Apparently it can do something called "smart scroll". No idea what this is supposed to mean, apart from when it's on the wee buttons will report a scroll-button press as well as their own. Great. Both lmctl and lomoco will let you turn it off, however lomoco is in an unfathomable state atm, whilst lmctl still works for what we want. Compile / install .deb, then you can use a udev rule like:

SUBSYSTEM=="usb", ATTR{manufacturer}=="Logitech", ATTR{bDeviceClass}=="00", ATTR{bDeviceSubClass}=="00" \
  , RUN+="/usr/bin/lmctl -b $env{BUSNUM} -d $env{DEVNUM} -8 --no-sms"

Xorg configuration

So long as you use the evdev driver, all the buttons should work just fine.

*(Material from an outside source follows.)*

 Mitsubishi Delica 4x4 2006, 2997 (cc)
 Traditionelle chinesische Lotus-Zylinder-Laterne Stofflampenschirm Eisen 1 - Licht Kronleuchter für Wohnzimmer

You can reorder the buttons using xinput, for example:

xinput --set-button-map "Logitech USB Receiver" \
    1 9 3 4 5 11 12 8 2 10 6 7

This will... + Make the "up" side button (7) the middle button + Make the small up/down buttons (9 & 10) the horizontal scroll buttons + Jumble the remaining buttons to the top

Assigning functions to remaining buttons

You can use xbindkeys and xvkbd to map all the extra buttons now at your disposal to key events. E.g. my .xbindkeysrc says:

# Double-up button: Home
"/usr/bin/xvkbd -xsendevent -text '\[Home]'"
   m:0x0 + b:6
# Double-dn button: Home
"/usr/bin/xvkbd -xsendevent -text '\[End]'"
   m:0x0 + b:7
# Back button: Alt-Left (i.e. back in most browsers)
"/usr/bin/xvkbd -xsendevent -text '\A\[Left]'"
   m:0x0 + b:8
# Lock button: Ctrl-T (i.e. new tab)
"/usr/bin/xvkbd -xsendevent -text '\Ct'"
   m:0x0 + b:10

Ideally I'd also want to rotate the pointer movement 225 degrees and use the "down" side button for pretend scroll-wheeling, but alas the evdev driver doesn't let you do that.